▶ _What the task requires_
Restate word for word all of the lines below, with each image left out.

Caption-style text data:
=== Section Start ===

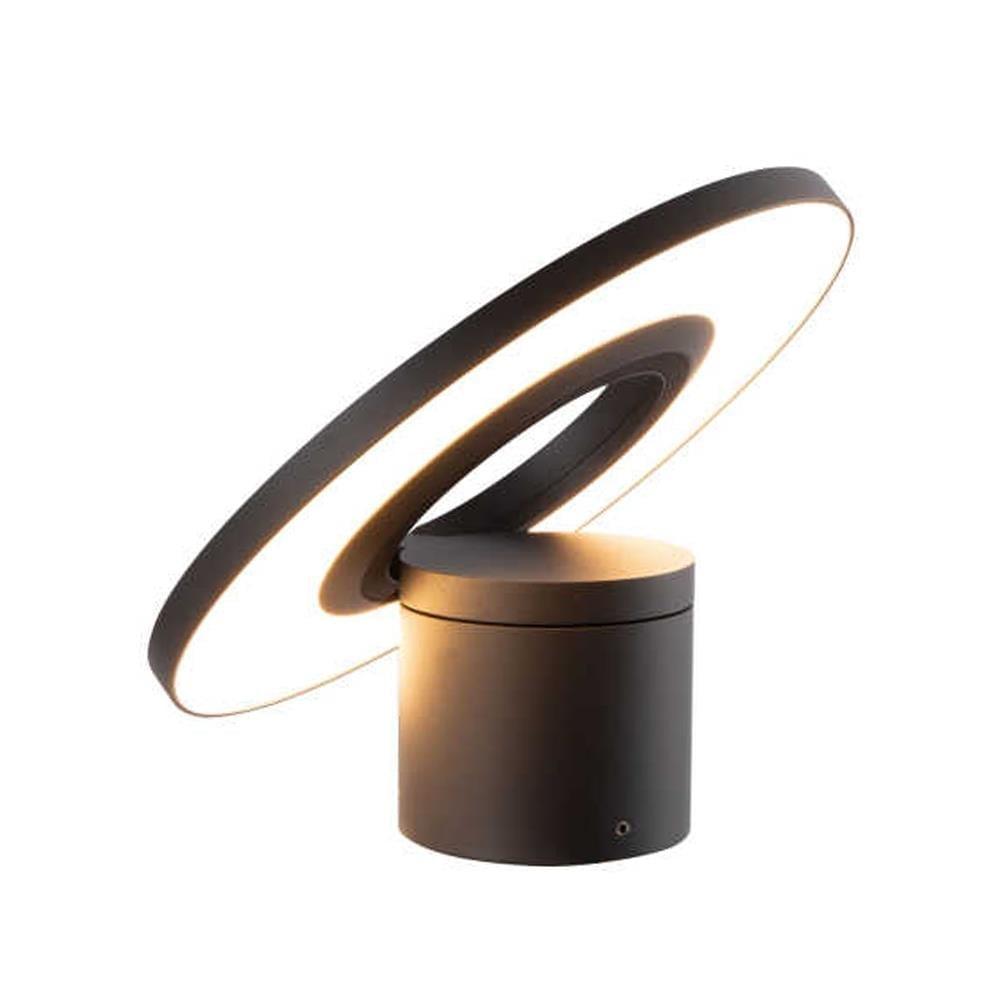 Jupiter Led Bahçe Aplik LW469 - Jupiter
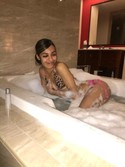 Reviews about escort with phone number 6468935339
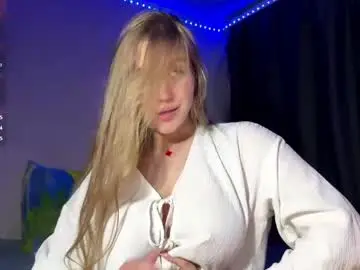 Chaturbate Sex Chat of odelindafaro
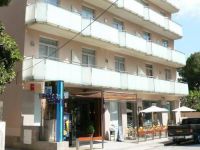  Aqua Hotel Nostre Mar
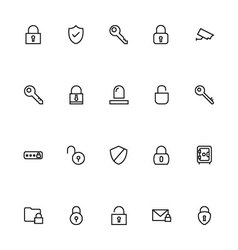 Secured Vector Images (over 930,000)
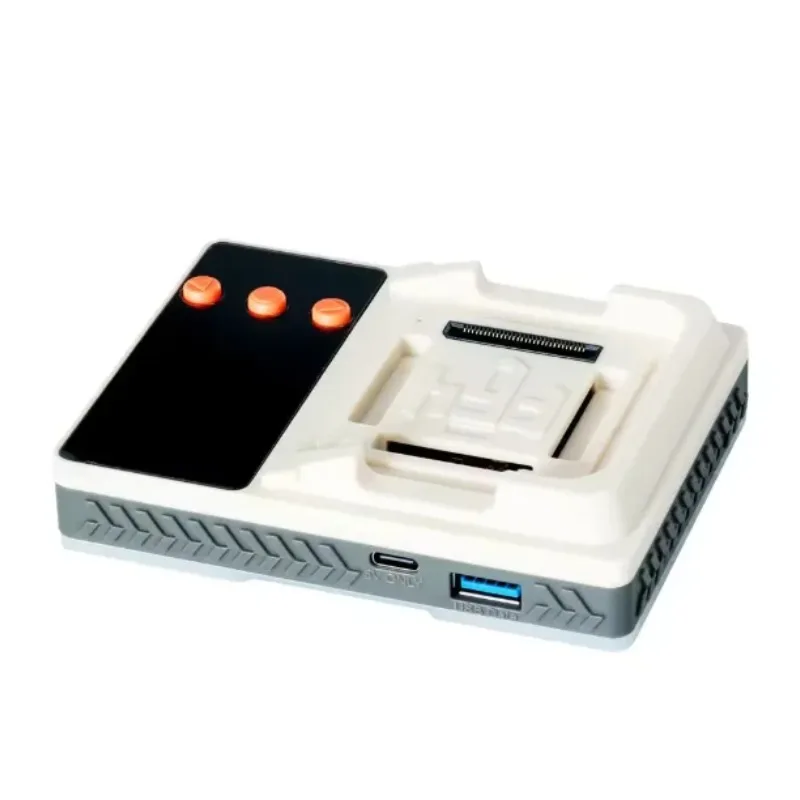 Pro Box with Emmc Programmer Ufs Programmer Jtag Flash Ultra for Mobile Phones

=== Section End ===

▶ _Response area_
 Jupiter Led Bahçe Aplik LW469 - Jupiter
 Reviews about escort with phone number 6468935339
 Chaturbate Sex Chat of odelindafaro
  Aqua Hotel Nostre Mar
 Secured Vector Images (over 930,000)
 Pro Box with Emmc Programmer Ufs Programmer Jtag Flash Ultra for Mobile Phones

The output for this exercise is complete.